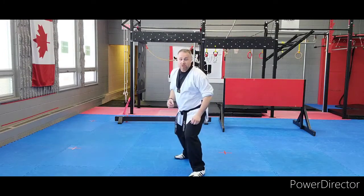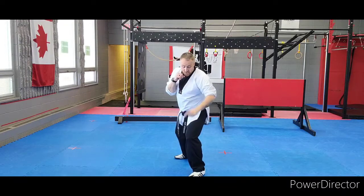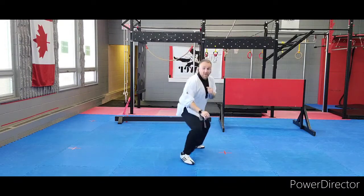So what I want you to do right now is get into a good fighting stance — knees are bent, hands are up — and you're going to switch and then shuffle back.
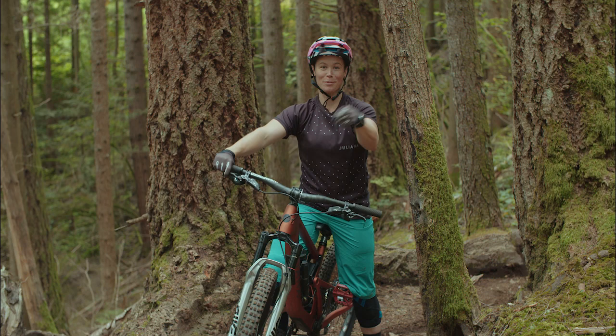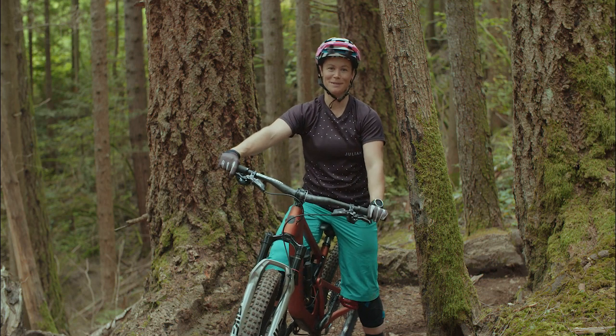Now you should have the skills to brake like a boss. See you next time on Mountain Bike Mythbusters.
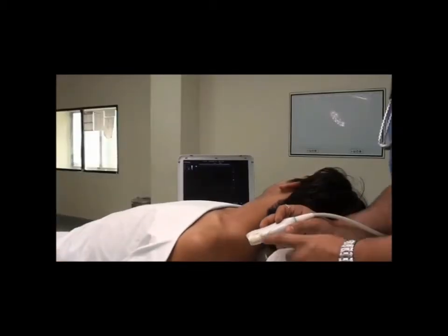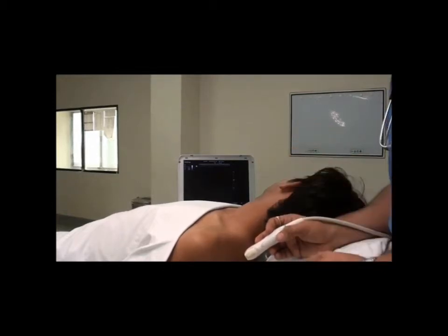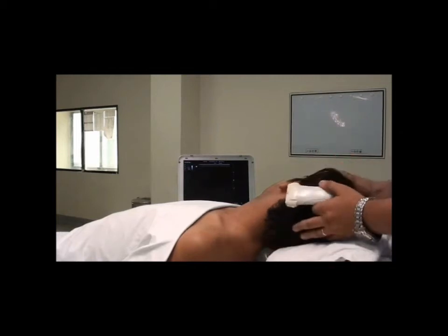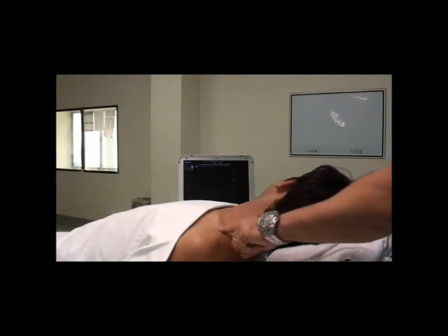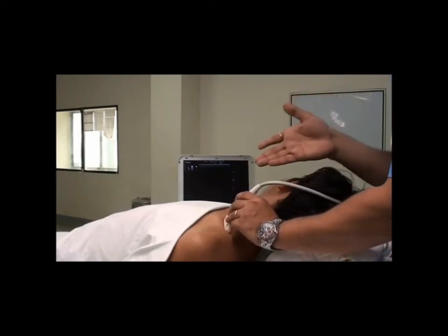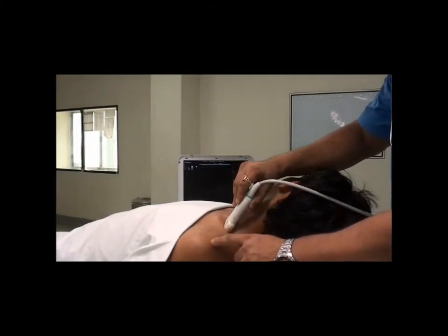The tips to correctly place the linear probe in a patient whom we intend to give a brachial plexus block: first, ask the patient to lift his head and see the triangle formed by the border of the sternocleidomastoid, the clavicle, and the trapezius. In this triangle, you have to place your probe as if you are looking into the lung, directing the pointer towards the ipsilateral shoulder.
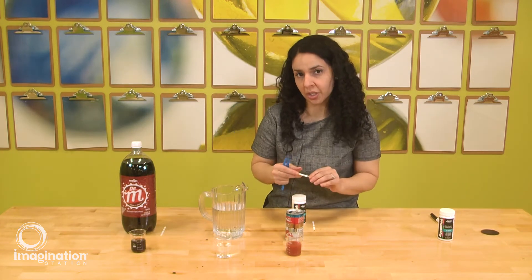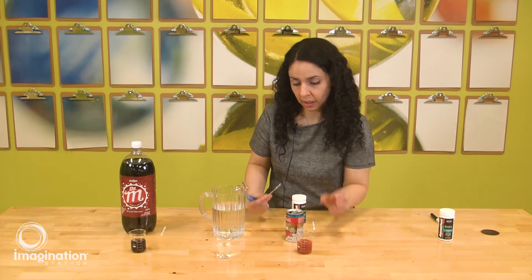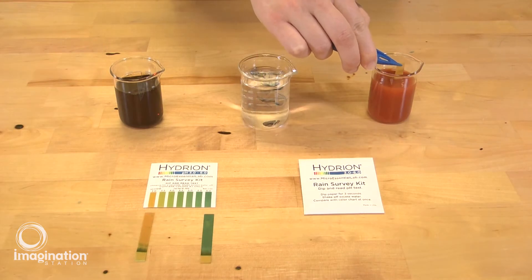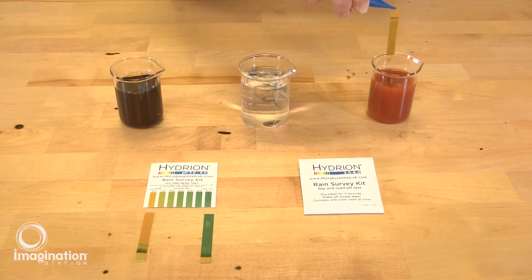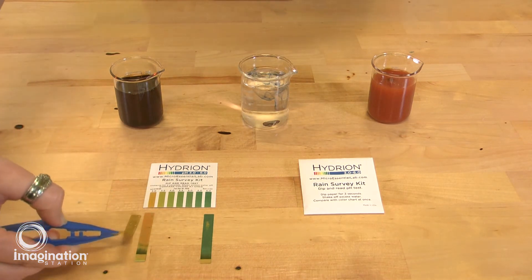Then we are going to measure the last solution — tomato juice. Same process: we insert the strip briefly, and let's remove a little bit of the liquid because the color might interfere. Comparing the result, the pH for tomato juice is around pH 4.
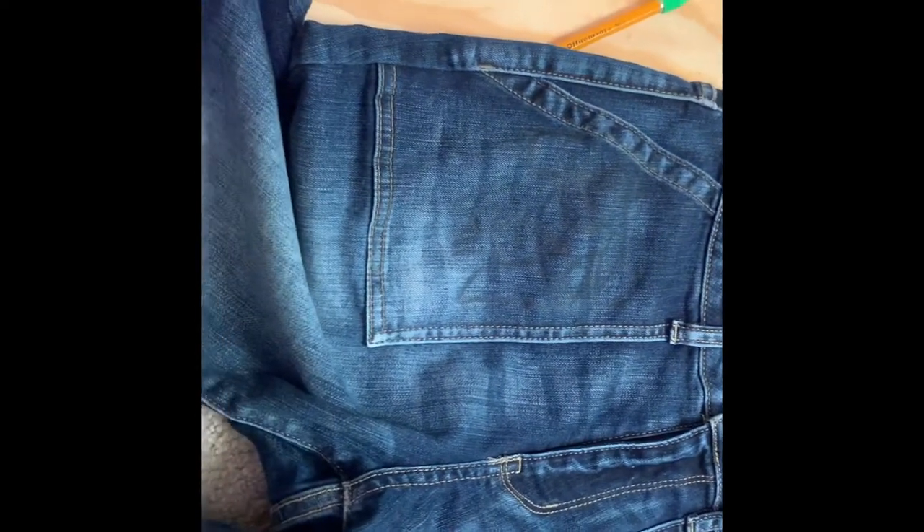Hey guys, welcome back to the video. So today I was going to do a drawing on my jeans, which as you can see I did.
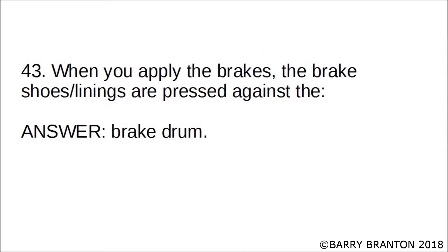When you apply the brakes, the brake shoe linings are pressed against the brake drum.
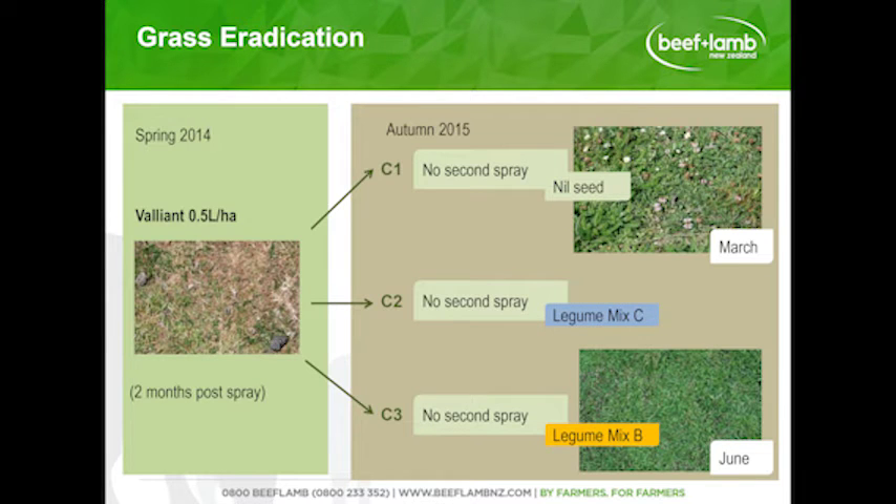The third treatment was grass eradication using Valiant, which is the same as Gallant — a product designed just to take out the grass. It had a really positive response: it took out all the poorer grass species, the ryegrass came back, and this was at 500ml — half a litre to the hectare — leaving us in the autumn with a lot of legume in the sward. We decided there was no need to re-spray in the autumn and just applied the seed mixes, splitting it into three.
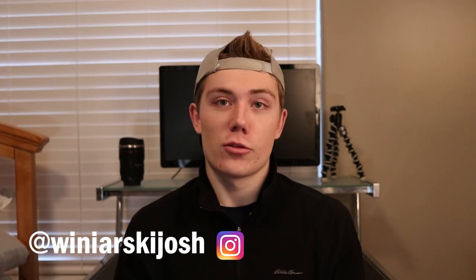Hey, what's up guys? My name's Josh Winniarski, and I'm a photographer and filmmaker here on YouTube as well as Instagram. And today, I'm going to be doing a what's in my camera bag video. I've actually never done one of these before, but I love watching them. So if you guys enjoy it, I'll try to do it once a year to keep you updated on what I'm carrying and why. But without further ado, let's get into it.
□ □ □ □ □
Problem requirements - Please transcribe each entry exactly, but skip any picture it holds.

Response to the exercise -
So what I want you to do right now is get into a good fighting stance — knees are bent, hands are up — and you're going to switch and then shuffle back.
Now you should have the skills to brake like a boss. See you next time on Mountain Bike Mythbusters.
The tips to correctly place the linear probe in a patient whom we intend to give a brachial plexus block: first, ask the patient to lift his head and see the triangle formed by the border of the sternocleidomastoid, the clavicle, and the trapezius. In this triangle, you have to place your probe as if you are looking into the lung, directing the pointer towards the ipsilateral shoulder.
Then we are going to measure the last solution — tomato juice. Same process: we insert the strip briefly, and let's remove a little bit of the liquid because the color might interfere. Comparing the result, the pH for tomato juice is around pH 4.
Hey guys, welcome back to the video. So today I was going to do a drawing on my jeans, which as you can see I did.
When you apply the brakes, the brake shoe linings are pressed against the brake drum.
The third treatment was grass eradication using Valiant, which is the same as Gallant — a product designed just to take out the grass. It had a really positive response: it took out all the poorer grass species, the ryegrass came back, and this was at 500ml — half a litre to the hectare — leaving us in the autumn with a lot of legume in the sward. We decided there was no need to re-spray in the autumn and just applied the seed mixes, splitting it into three.
Hey, what's up guys? My name's Josh Winniarski, and I'm a photographer and filmmaker here on YouTube as well as Instagram. And today, I'm going to be doing a what's in my camera bag video. I've actually never done one of these before, but I love watching them. So if you guys enjoy it, I'll try to do it once a year to keep you updated on what I'm carrying and why. But without further ado, let's get into it.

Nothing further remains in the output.